I tried to explain that in the previous mail, can try a different
angle. So, please open you favorite CS book (better few) and look up
"abstract data types", then "mapping/associative array" and "list". We
can use Wikipedia too: https://en.wikipedia.org/wiki/Associative_array.
So, please look up: "Operations associated with this data type allow".
And you'll see, that there're no "ordering" related operations are
defined. Vice versa, looking at "sequence" operations, there will be
"prev/next", maybe "get n'th" element operations, implying ordering.

I don't think you meant for this to come off as insulting, but telling me how to look up the definition of an associative array or map feels like you're putting me down. I also have a Ph.D. in computer science so I'm aware of the academic definitions of these data structures.
 

Python used to be a perfect application of these principles. Its dict
was a perfect CS implementation of an abstract associative array, and
list - of "sequence" abstract type (with additional guarantee of O(1)
random element access). 

People knew and rejoiced that Python is built on solid science
principles, or could *learn* them from it.
That no longer will be true,
with a sound concept being replaced with on-the-spot practical hack,
choosing properties of a random associative array algorithm
implementation over properties of a superset of such algorithms (many
of which are again don't offer any orderness guarantees).


I don't think it's fair to call the current dict implementation a hack. It's a sound design that has a certain property that we are discussing the masking of. As I said previously, I think this discussion comes down to whether we think there are pragmatic benefits to exposing the ordered aspects to the general developer versus not.

-Brett

Steven D'Aprano

unread,
Nov 6, 2017, 10:54:00 PM11/6/17
to pytho...@python.org
On Mon, Nov 06, 2017 at 12:18:17PM +0200, Paul Sokolovsky wrote:

> > I don't think that situation should change the decision,
>
> Indeed, it shouldn't. What may change it is the simple and obvious fact
> that there's no need to change anything, as proven by the 25-year
> history of the language.

I disagree -- the history of Python shows that having dicts be unordered
is a PITA for many Python programmers. Python eventually gained an
ordered dict because it provides useful functionality that developers
demand.

Every new generation of Python programmers comes along and gets confused
by why dicts mysteriously change their order from how they were entered,
why doctests involving dicts break, why keyword arguments lose their
order, why they have to import a module to get ordered dicts instead of
having it be built-in, etc. Historically, we had things like
ConfigParser reordering ini files when you write them.

Having dicts be unordered is not a positive virtue, it is a limitation.
Up until now, it was the price we've paid for having fast, O(1) dicts.
Now we have a dict implementation which is fast, O(1) and ordered. Why
pretend that we don't?
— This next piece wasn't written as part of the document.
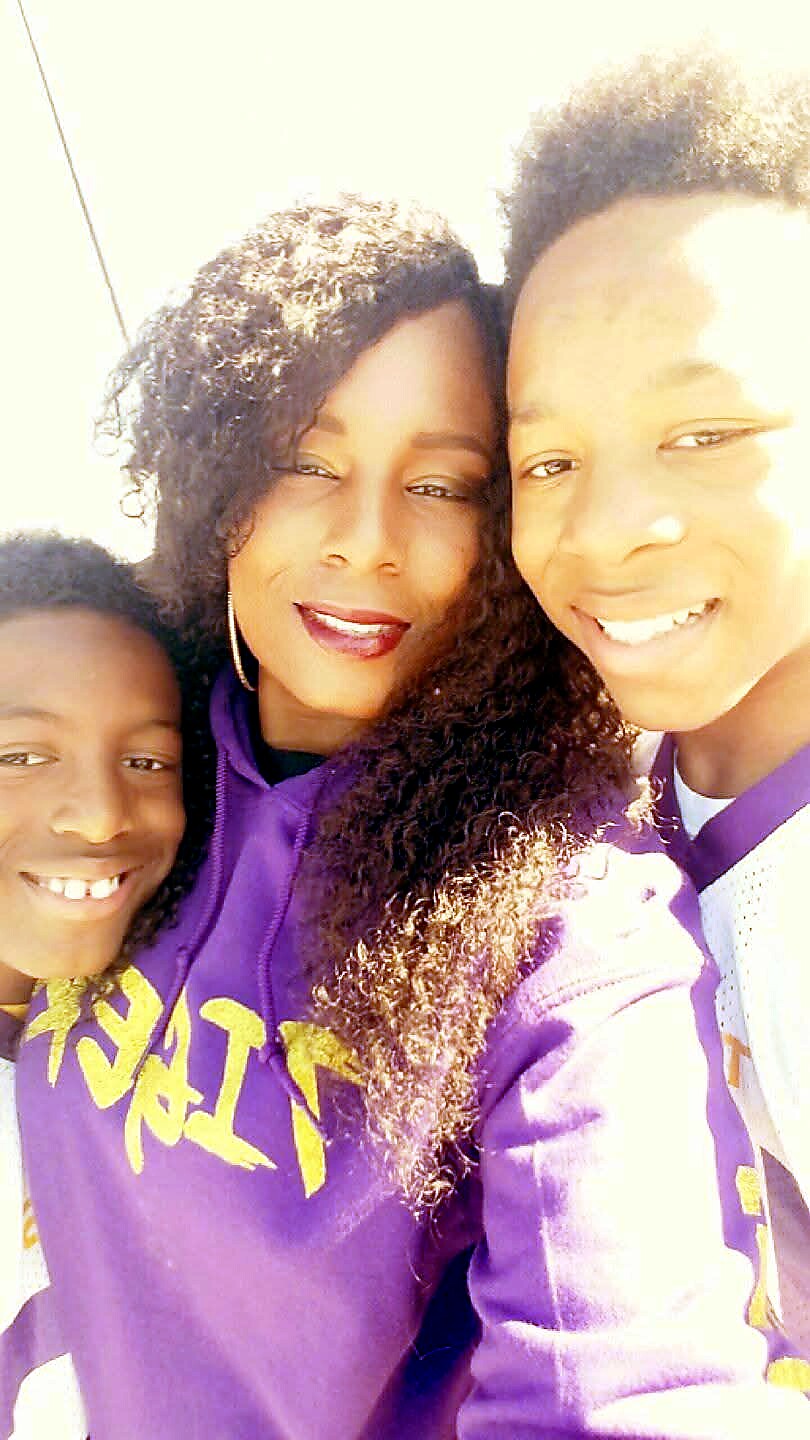 Three smiling people posing for a sunny selfie outdoors: a woman in the middle with two children on either side, all wearing purple clothing.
This is a long-requested feature, and the cost
appears to be small: by specifying this, all we do is rule out some, but
not all, hypothetical future optimizations.

Unordered dicts served CPython well for 20+ years, but I doubt many
people will miss them.


> What happens now borders on technologic surrealism - the CPython, after
> many years of persuasion, switched its dict algorithm, rather
> inefficient in terms of memory, to something else, less inefficient
> (still quite inefficient, taking "no overhead" as the baseline).
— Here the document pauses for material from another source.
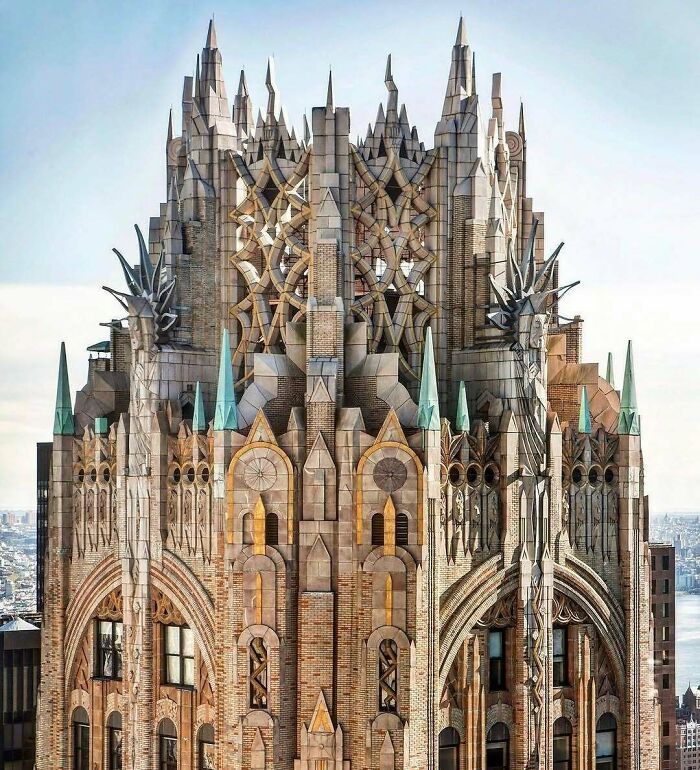Ornate top of a historic American building exemplifying old architecture with intricate details and spires.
Trading off space for time is a very common practice. You said that
lookups on MicroPython's dicts are O(N). How efficient is µPy when doing
a lookup of a dict with ten million keys?

µPy has chosen to optimize for space, rather than time. That's great.
But I don't think you should sneer at CPython's choice to optimize for
time instead.

And given that µPy's dicts already fail to meet the expected O(1) dict
behviour, and the already large number of functional differences (not
just performance differences) between µPy and Python:

http://docs.micropython.org/en/latest/pyboard/genrst/index.html

I don't think that this will make much practical difference. MicroPython
users already cannot expect to run arbitrary Python code that works in
other implementations: the Python community is fragmented between µPy
code written for tiny machines, and Python code for machines with lots
of memory.


> That
> algorithm randomly had another property. Now there's a seemingly
> serious talk of letting that property leak into the *language spec*,

It will no more be a "leak" than any other deliberate design choice.
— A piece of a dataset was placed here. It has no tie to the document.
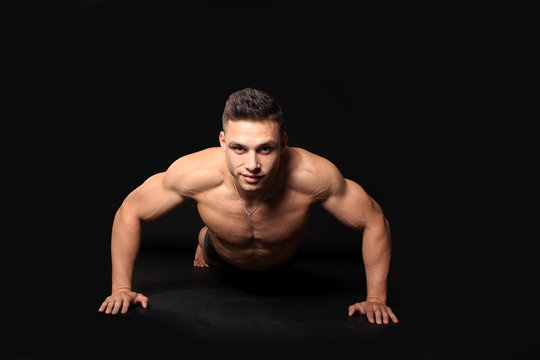 handsome bodybuilder man pushed from the floor showing muscles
> despite the fact that there can be unlimited number of dictionary
> algorithms, most of them not having that property.

Sure. So what? There's an unlimited number of algorithms that don't
provide the functionality that we want. There are an unlimited number of
sort algorithms, but Python guarantees that we're only going to use
those that are stable. Similar applies for method resolution (which µPy
already violates), strings, etc.


> What it will lead to is further fragmentation of the community.

Aren't you concerned about fragmenting the community because of the
functional differences between MicroPython and the specs?

Sometimes a small amount of fragmentation is unavoidable, and not
necessarily a bad thing.


> > P.S. If anyone does want to explore MicroPython's dict implementation,
> > and see if there might be an alternate implementation strategy that
> > offers both O(1) lookup and guaranteed ordering without using
> > additional memory
>
> That would be the first programmer in the history to have a cake and
> eat it too. Memory efficiency, runtime efficiency, sorted order: choose
> 2 of 3.

Given that you state that µPy dicts are O(N) and unordered, does that
mean you picked only 1 out of 3?


--
Steve

David Mertz

unread,
Nov 6, 2017, 11:07:17 PM11/6/17
to Brett Cannon, Antoine Pitrou, Python-Dev
I strongly opposed adding an ordered guarantee to regular dicts. If the implementation happens to keep that, great. Maybe OrderedDict can be rewritten to use the dict implementation. But the evidence that all implementations will always be fine with this restraint feels poor, and we have a perfectly good explicit OrderedDict for those who want that.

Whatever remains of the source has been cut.